So what can I do? I know, I'll fly over and see how far away our corsair friends are. Not that we need them to… Hold on. My ring (or, rather, my lingering mental obsession therewith) is ringing. Must be Sauron. Yes, Lord? 'Status report. Now.' Two levels of the city are ours, and the rest will follow shortly. The Rohirrim have arrived, but the orcs should be easily capable of handling them and, if not, the Haradrim would love the opportunity to shed some blood. They're feeling left out because we wouldn't use the mumakil in the siege proper, and they're griping far more than the Easterlings about being left out of the action. The corsairs are on their way and should be here soon, though whether there will be anyone left to kill or not is debatable. It's all too easy. 'And why did you send the other Eight back?' Oh, I figured that since we had everything under control, I should send them back to make preparations for the big party later. 'Big party? Who said you could have a big party?' Oh, come on, my Lord. Don't tell me that you expect us to remain sober after trashing the biggest bloody city in Gondor and eradicating the largest force that could be assembled against us. 'Actually, I was planning on sending you all north. The elven forests are proving more difficult to conquer than I expected.' Come on. Can't it at least wait until tomorrow? Krihtuzg will fly faster if she's rested. And what will the others think if I have to call them back and cancel the party? They'll be crushed, demoralized, resentful, and generally less effective. 'Oh, all right then. Have your party. But be ready to fly tomorrow. And let me know as soon as they're all dead.' Yes, Lord.
Oi. I hate it when he's like that. You'd think, if a giant flaming eye can figure out how to use a palantir, he could figure out how to imbibe a mug of grog every once in a while, but no. He just resents it whenever anyone else gets sloshed. That's why, with regard to such things, I follow the philosophy that it is better to ask forgiveness than seek permission. Anyhow, where was I? Oh, yes, I was letting the Rohirrim finish their pre-battle ritual. He should be done by now, so I should go and kill him. Let's make one more pass over the city, just for good measure. If he's in battle now, then finding him won't be too easy.
Oh, nevermind that last bit. If he's rallying the riders around him, then of course he's easy to find. What kind of fool crowds the horses together in the face of a mumakil charge? He should be spreading them out to reduce the number of riders trampled. Oh well. His loss. Why don't I just let him know I'm coming? A good scream to make his blood colder and thus more palatable for Krihtuzg. Idiot. Doesn't even attempt to run. I'll give him credit for understanding the inevitability of the situation, but man, even I prefer to have a bit of fun, toying with my victims before killing them. Is that all you can do to defend yourself, turn your pretty white horse's head into her mouth? Honestly, aren't you supposed to be Rohan's best warrior? You're making this too easy for me.

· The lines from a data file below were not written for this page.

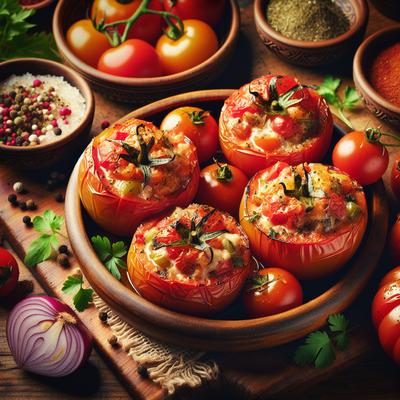 Image of Savoury Filled Stuffed Tomatoes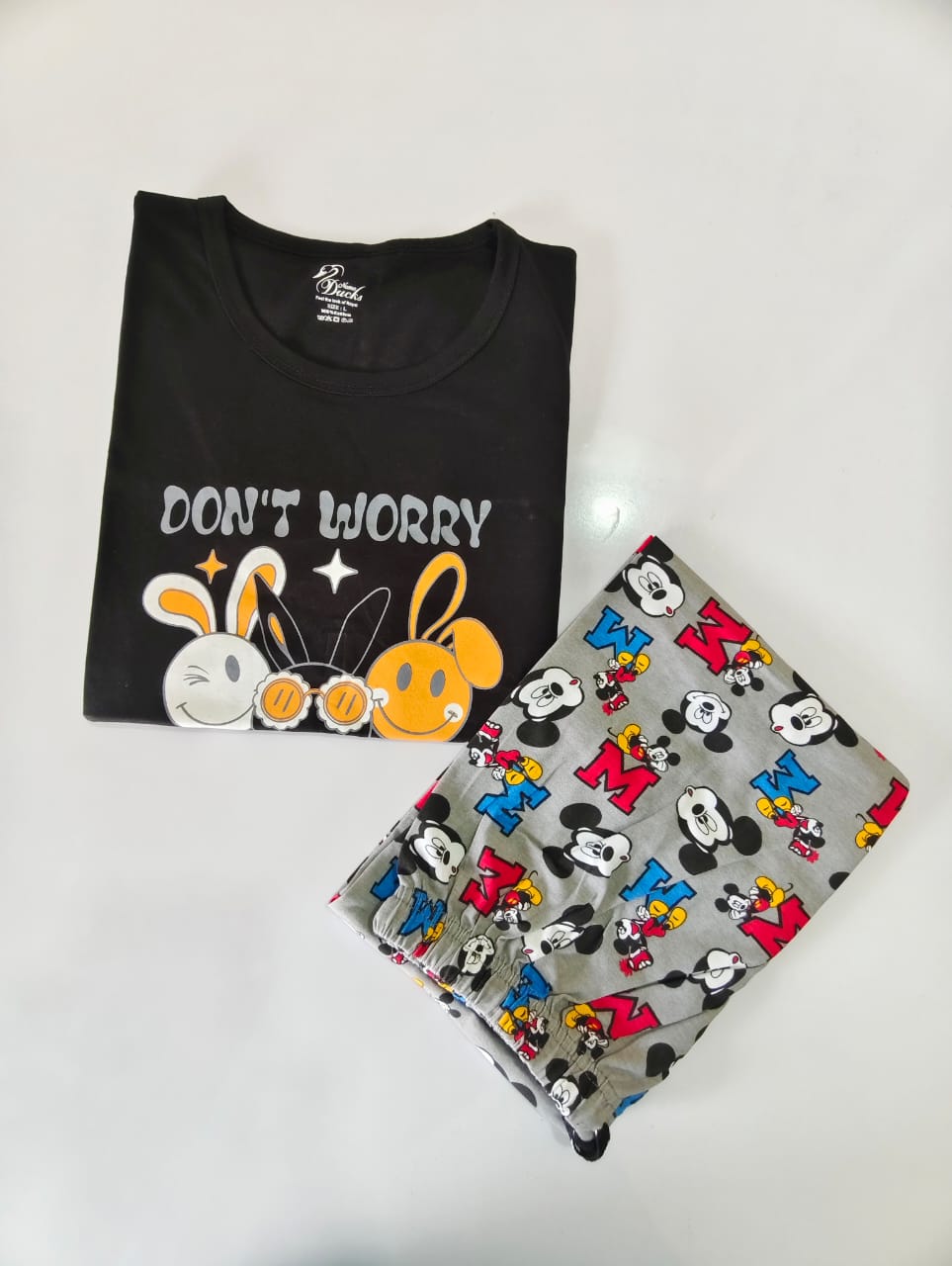 Womens Contrast Night Dress Set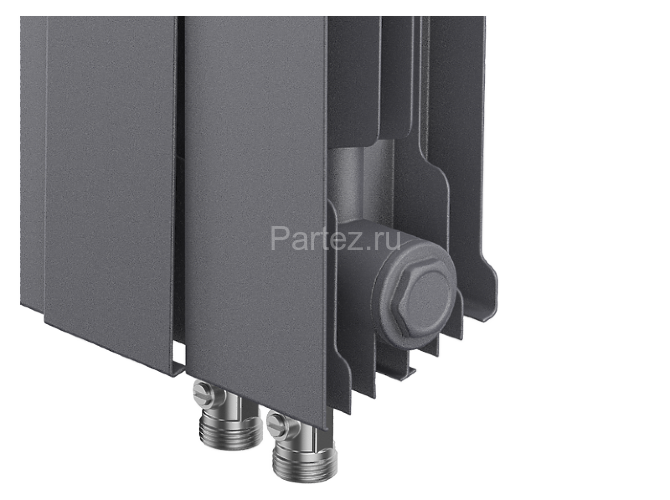 Радиатор Royal Thermo PianoForte 500 /Silver Satin - 12 секц. VDR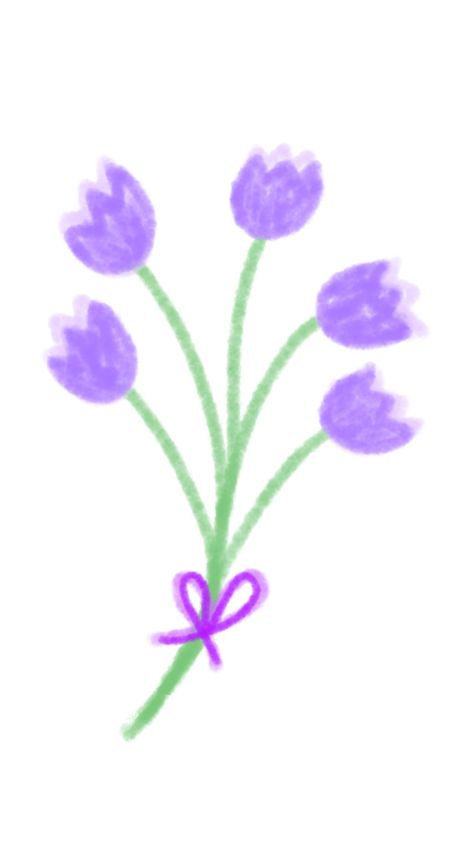 Purple Tulips Wallpaper, Purple Drawing Ideas, Purple Doodles, Purple Drawing, Free Powerpoint Templates Download, Small Doodles, Tulips Wallpaper, Small Doodle, Purple Tulips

All right. Let's land here and scare off everyone in the immediate vicinity. Hmmm. I'm surprised he isn't dead yet. The whiplash alone should have killed him. Given the forces being applied to a body of that age… Assume your best 'menacing' pose, Krihtuzg. That's it. "Feast on his flesh." As if she didn't already know that. What am I doing, playing to an audience or something? I mean, I know it, she knows it, he knows it, who else is around to hear me?
Hello, what's this? I guess someone was around to hear me. Interesting. "I will kill you if you touch him!" A curious statement, to be sure. He could be referring to either Krihtuzg or myself, but I personally have no intention of touching him and she has already touched him and probably broken several of his bones. If I wanted to, it would be fairly elementary to analyze out the force vectors and figure out exactly which bones were broken. But I don't feel like it. I lost my interest in human anatomy a long time ago. Of course, all this analysis is moot because no man can kill me. I mean, honestly, what's the deal with this guy? He's supposed to be scared.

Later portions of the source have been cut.